Probabilistic models have been floated as a way to increase global coherence of the information models are learning. In my experience, however, when trying to combine models with probabilistic and convolutional components (like [3]) the neural network's first order optimization promotes obsession over details vs understanding data well enough to be able to handle any uncertainty. To some degree I think this is also what we see in the deep learning community: why do second-order optimization and move toward new paradigms when you have 8 GPUs and can get a 0.1% improvement on the latest image benchmark?

[0] Blog post on "Frustratingly Short Attention": https://martiansideofthemoon.github.io/2017/06/28/short-atte... [1] From https://arxiv.org/pdf/1703.08864.pdf : "It shows that the memory acquired by complex LSTM models on language tasks does correlate strongly with simple weighted bags-of-words.

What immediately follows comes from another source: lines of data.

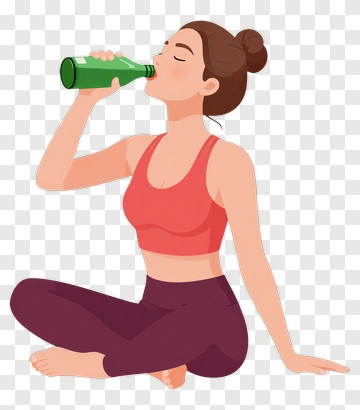 Woman Drinking Water While Sitting Cross-Legged PNG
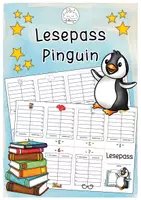 Vorschau - Arbeitsblätter - Lesepass Pinguin | Klassentiere - Deckblatt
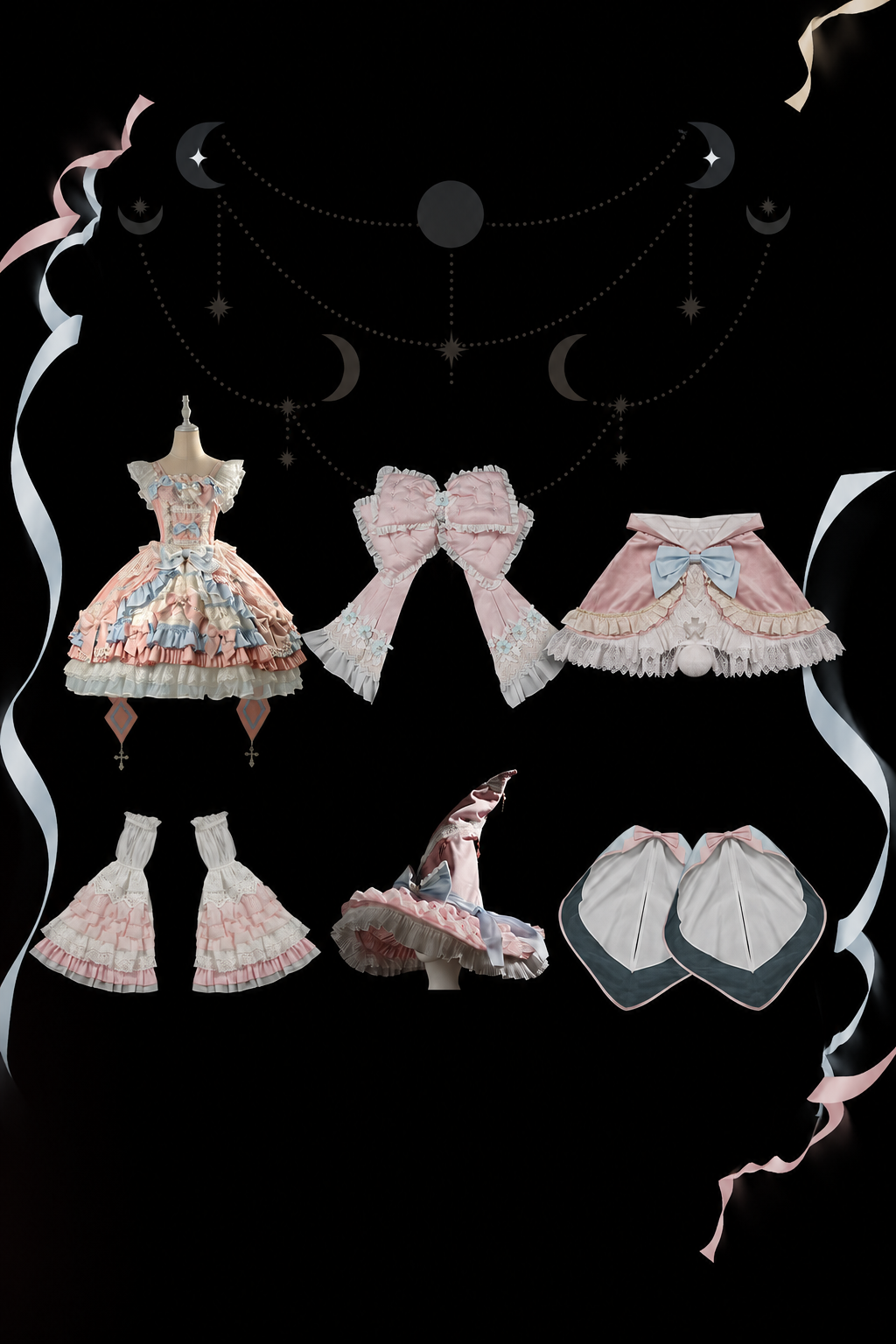 [Cierre de reserva el 14 de septiembre] Conjunto completo Fantasy Sweet Witch de vestido JSK cruzado + cola con lazo grande + capa con capucha + mangas desmontables + sombrero de bruja + mangas exteriores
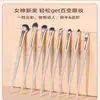 Set de Pinceles de Maquillaje Dorados de 13 Piezas y 15 Piezas, Pincel para Sombras de Ojos, Pincel para Sombras de Nariz, Pincel Biselado en Forma de Hoz para Contorno, Set Portátil de Pinceles para Ojos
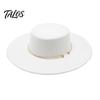 Chapeau Fedora Style Vintage Chapeau Rétro à Sommet Plat, Feutre de Laine Pork Pie Chapeau Melon avec Anneau Métallique pour Robe Décontractée Automne Hiver, Trilby à Large Bord pour Femmes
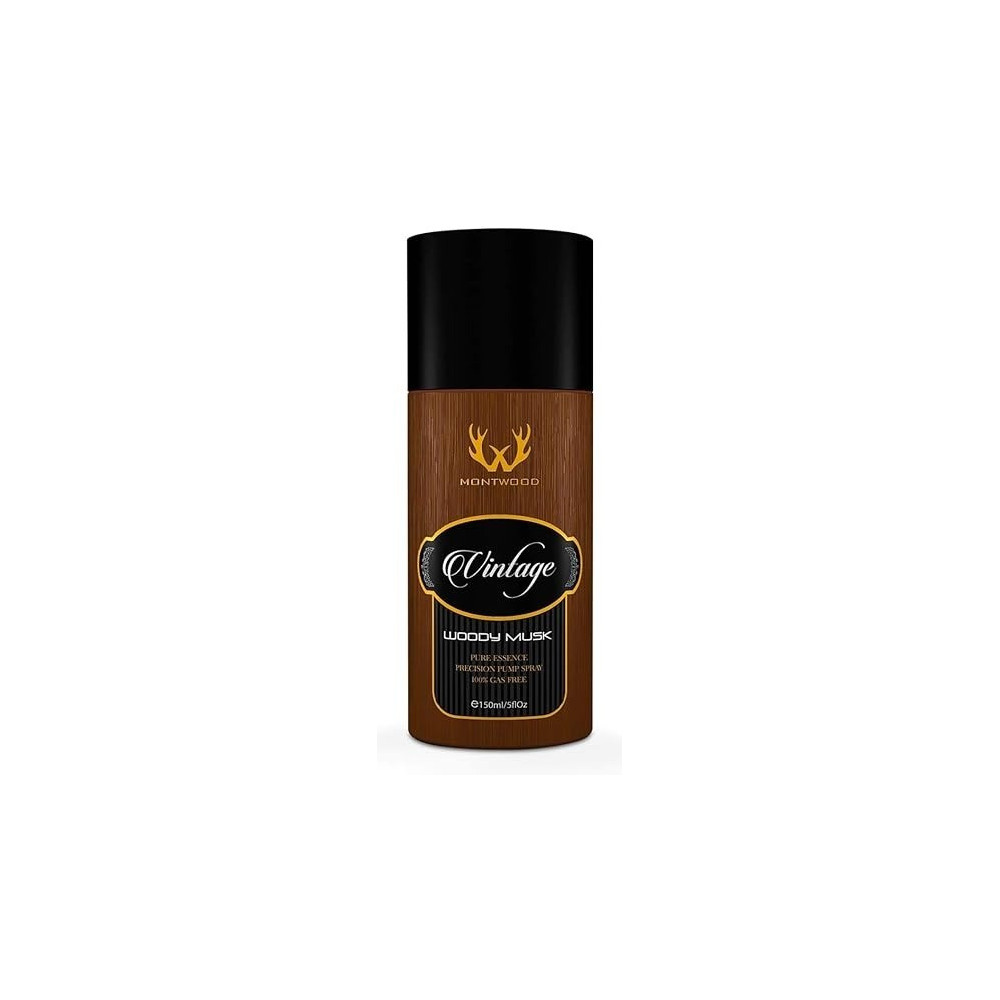 Montwood Vintage Collection Woody Musk Pure Essence Spray For Men, 150 Ml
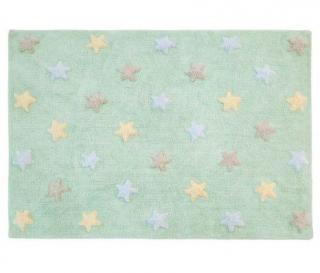 Lorena Canals prateľný koberec Tricolor Stars Soft Mint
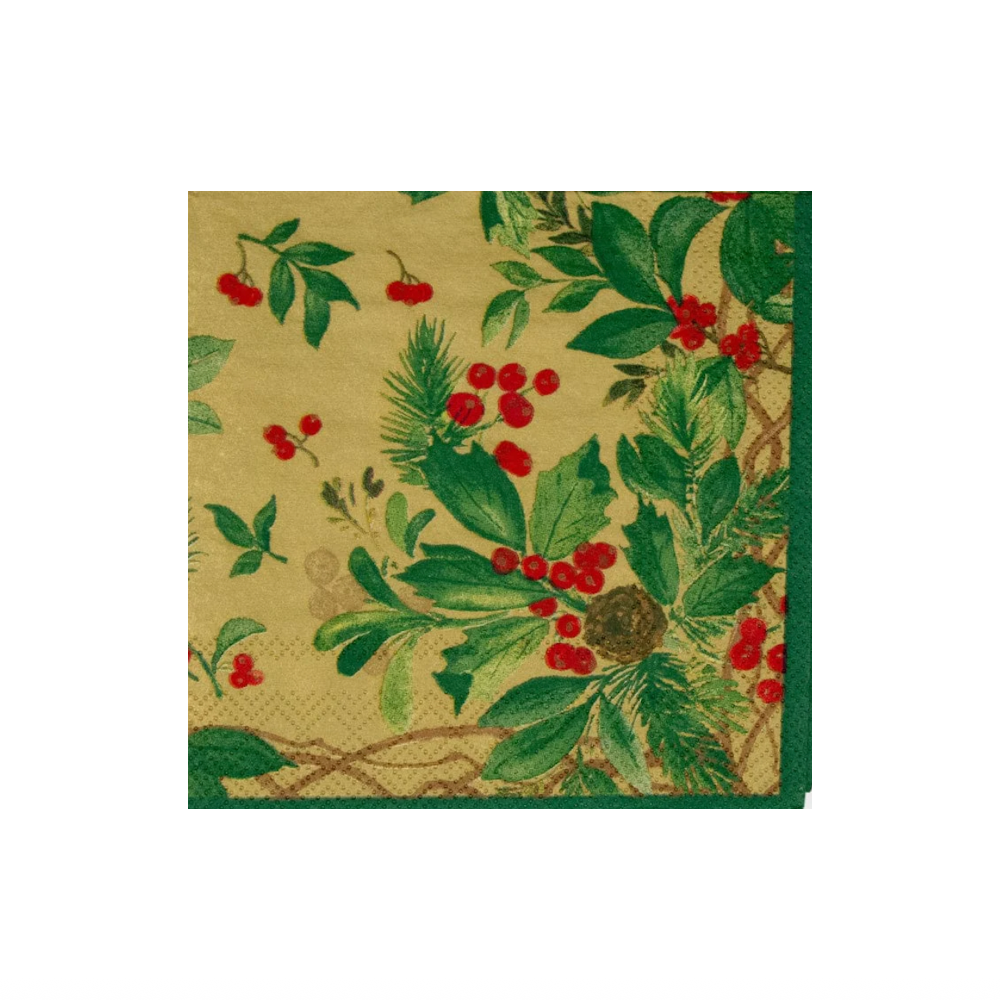 Cocktail Napkins - Holly Chintz Gold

This demystifies the abilities of the LSTM model to a degree: while some authors have suggested that the LSTM understands the language and even the thoughts being expressed in sentences (Choudhury, 2015), it is arguable whether this could be said about a model that performs equally well and is based on representations that are essentially equivalent to a bag of words." [2] https://arxiv.org/pdf/1609.03499.pdf [3] "PixelVAE": https://arxiv.org/pdf/1611.05013.pdf

mycelium · on Oct 8, 2017

Thank you much for the substantive thoughts. As an every day working programmer, it's nice to hear higher level thoughts that explain the wider context of "NNs play mario". We're looking to include some ML based features in our product and I like to hear intuition from practitioners as to what actually works and wtf these things are actually paying attention to. I've followed the Alpha Go competition closely in hopes of gaining better insight, but it still ends up being a ton of woo.

p1esk · on Oct 9, 2017

they can do calculations on a pixel-by-pixel basis, as opposed to standard methods which use are forced to compress information along the way through pooling/strided convolutions

I'm not sure I understand your point. Why do you think dilated filters produce a better global view than pooling?